African-American Hopefuls Fall Short in Georgia, Florida Governor Races
Results were disappointing for two Democratic candidates who vied to become the first African-American state governors of Florida and Georgia, after closely contested campaigns where race and identity politics were highly divisive issues.
In Florida, Democratic nominee Andrew Gillum, the former mayor of Tallahassee, conceded the race to his Republican rival Ron DeSantis, but he vowed to remain politically active.
"I want you to know that in spite of our congratulating him on his victory this evening, nothing that we believe in is compromised," Gillum told his supporters Tuesday evening.
DeSantis, a former U.S. Congressman, was closely aligned with President Donald Trump, who came twice to Florida to campaign with him.

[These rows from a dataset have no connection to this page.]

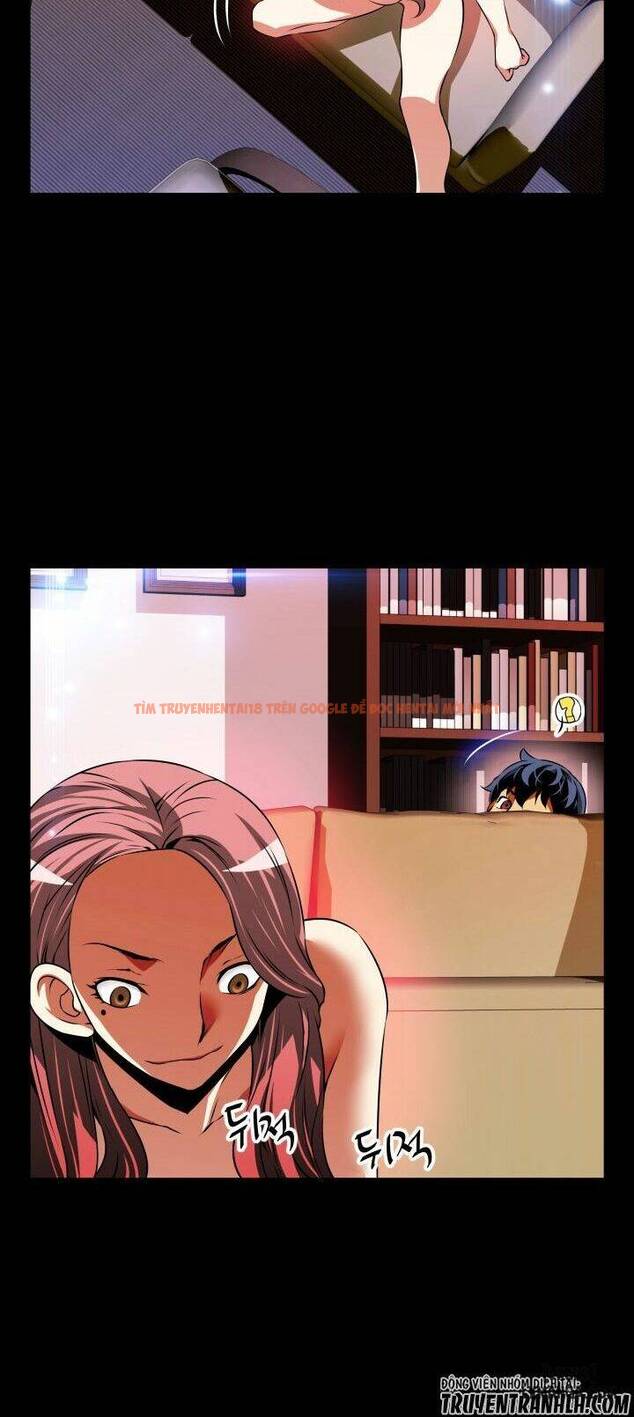 Xem ảnh 24 trong truyện hentai Thông Số Tình Yêu - Chapter 79 - hentaitvn.net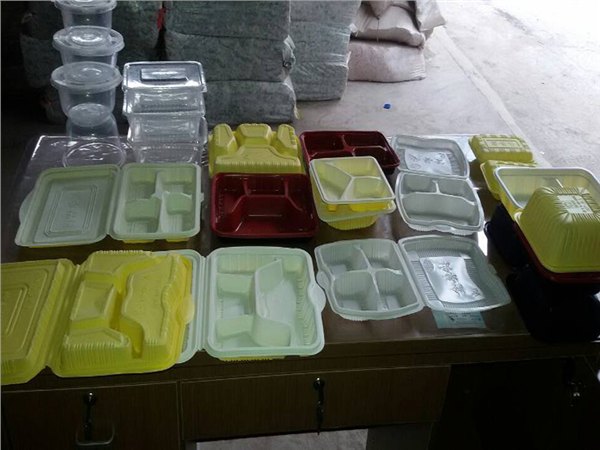 山东一次性餐盒厂家专业报价，价格优惠的一次性纸碗
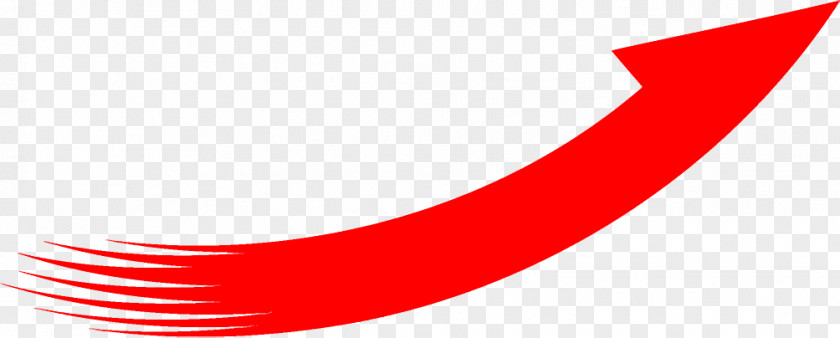 Red Line PNG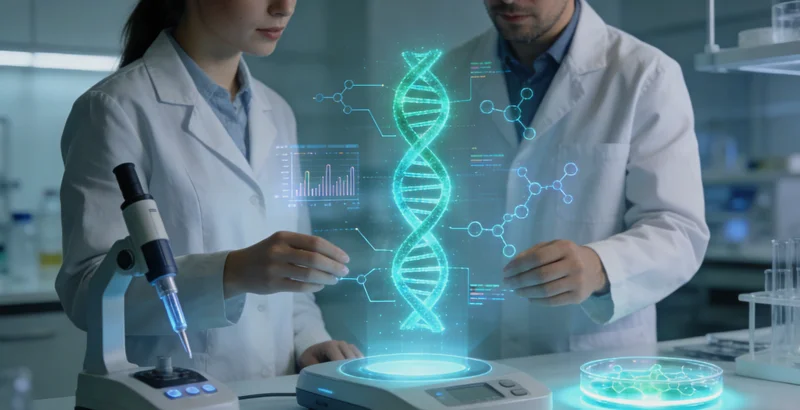 自贡家庭成员在一起沟通听力健康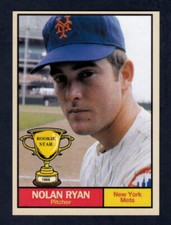 Nolan ryan new for sale  Dickinson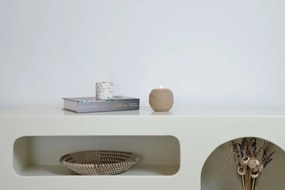 Loriel - Beige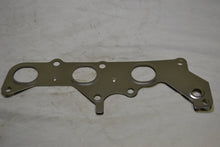 Daihatsu Exhaust Manifold Gasket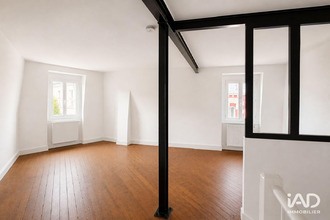  boutique enghien-les-bains 85880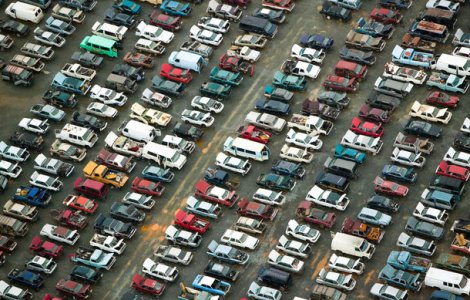 Programul Rabla 2019: toate tichetele au fost epuizate. Autoritatile promit suplimentarea fondurilor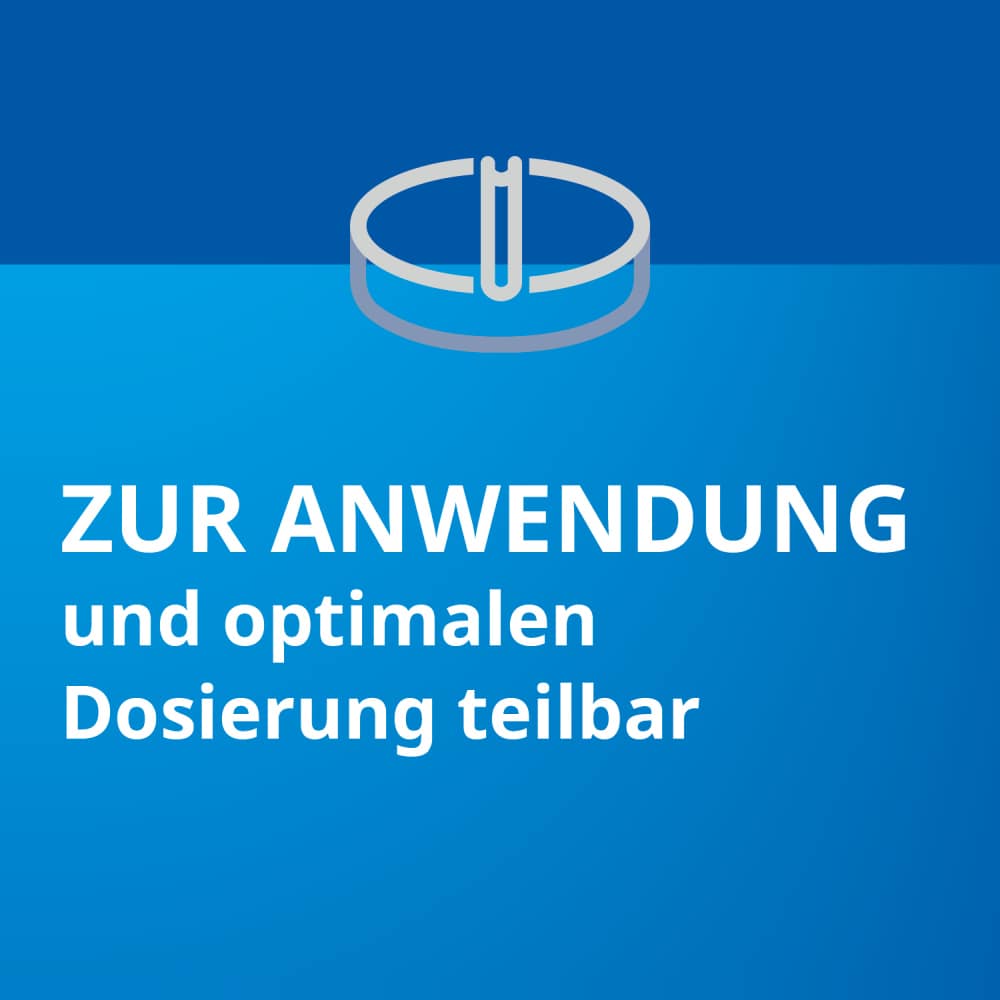 Reisetabletten STADA 50mg 10 St Tabletten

"The great thing about our country is that every two years, the people have that one day in November where the elites don't call the shots, where they don't get to craft the narrative and where they don't get to set the agenda," DeSantis said.

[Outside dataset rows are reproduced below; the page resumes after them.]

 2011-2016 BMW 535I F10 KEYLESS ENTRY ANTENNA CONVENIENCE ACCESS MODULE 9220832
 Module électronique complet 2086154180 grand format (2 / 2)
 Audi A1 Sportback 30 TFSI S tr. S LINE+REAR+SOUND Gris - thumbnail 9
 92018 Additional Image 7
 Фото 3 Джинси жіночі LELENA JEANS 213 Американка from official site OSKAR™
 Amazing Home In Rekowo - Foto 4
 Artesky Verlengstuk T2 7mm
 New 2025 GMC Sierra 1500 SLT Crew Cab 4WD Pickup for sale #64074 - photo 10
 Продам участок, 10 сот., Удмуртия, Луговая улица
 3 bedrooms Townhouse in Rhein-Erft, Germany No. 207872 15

In Georgia, the race for governor is too close to call, but Republican candidate Brian Kemp holds a narrow lead.
"There are votes left to be counted, but we have a very strong lead. And folks, make no mistake, the math is on our side to win this election," Kemp told supporters gathered in Athens, Georgia.

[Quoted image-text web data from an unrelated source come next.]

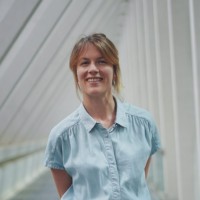 Véronique Closon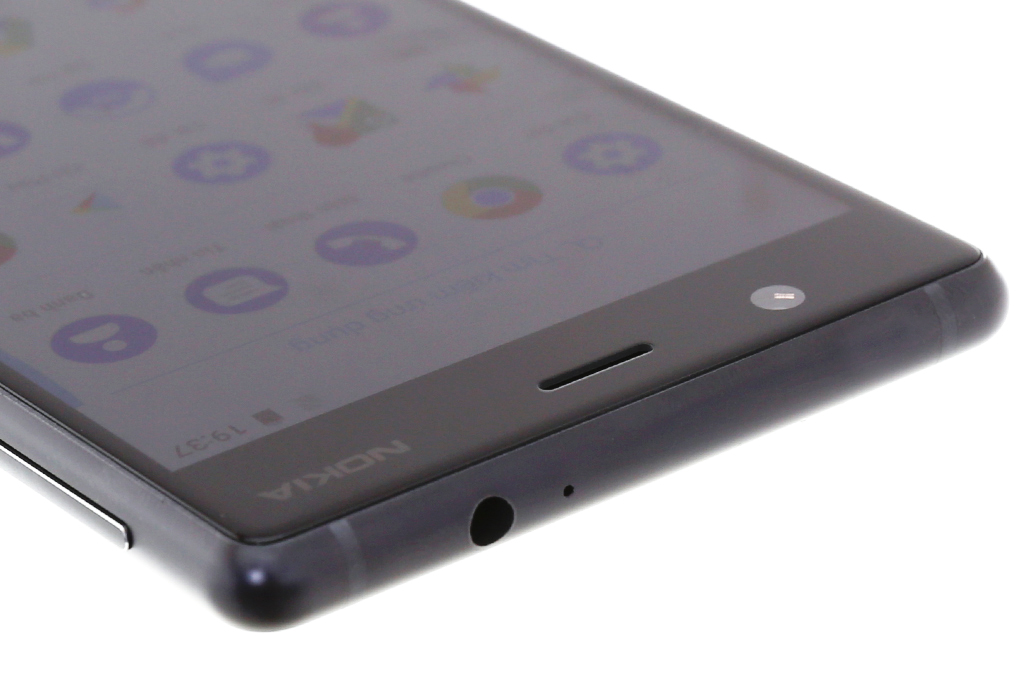 Điện thoại Nokia 3
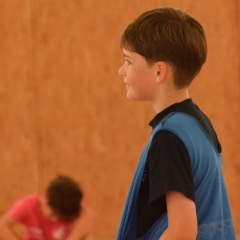 ESSJ_27082025-DSC_2686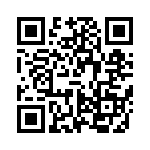 VI-B6P-IY-F4 QRCode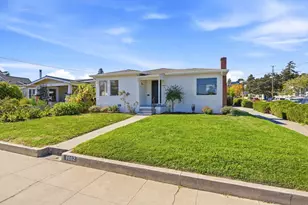 1002 King St, Santa Cruz, CA 95060 - Photo 5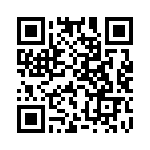 M39003-03-0337 QRCode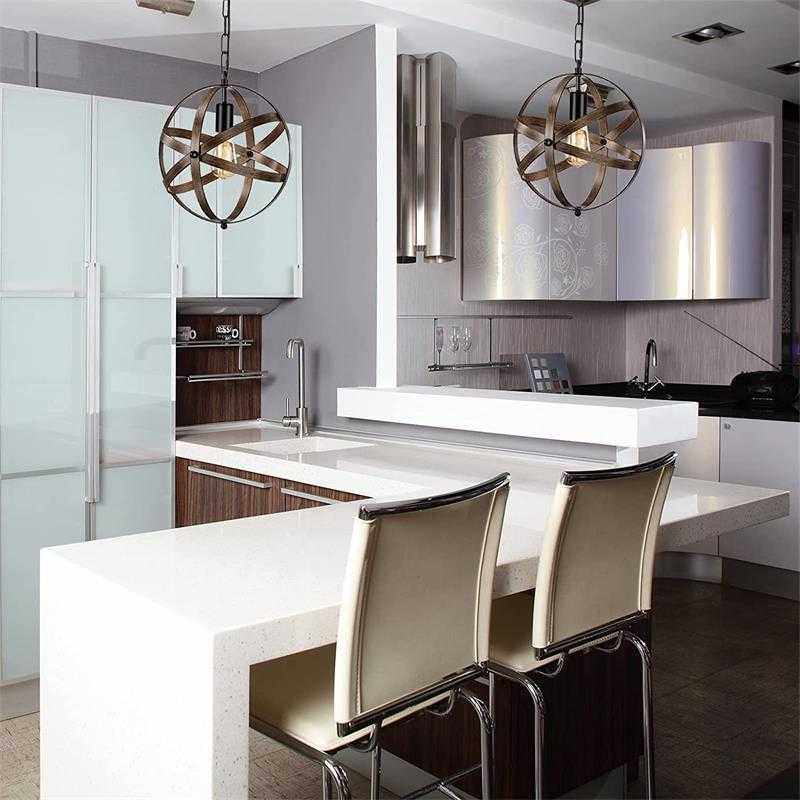 新款直销吊灯led美式乡村复古loft公寓卧室客厅创意餐厅灯8,智能设备,其他智能配件,淘宝优惠券,粉丝福利购,淘宝优惠卷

However, Democratic nominee Stacey Abrams has not conceded and says the race could come down to a run-off election if neither candidate wins 50 percent of the vote.
"But I'm here to tell you tonight, votes remain to be counted. There are voices that are waiting to be heard," Abrams told her supporters in Atlanta.
In other parts of the country, race and gender barriers were overcome as Native American and Muslim candidates won congressional elections. Massachusetts and Connecticut will also send black women to Congress as firsts for their states.
Both Abrams and Gillum hoped to become the first African-American governors in Georgia and Florida, southern states with legacies of racial division, and where Democrats have not held the state leadership position in over a decade.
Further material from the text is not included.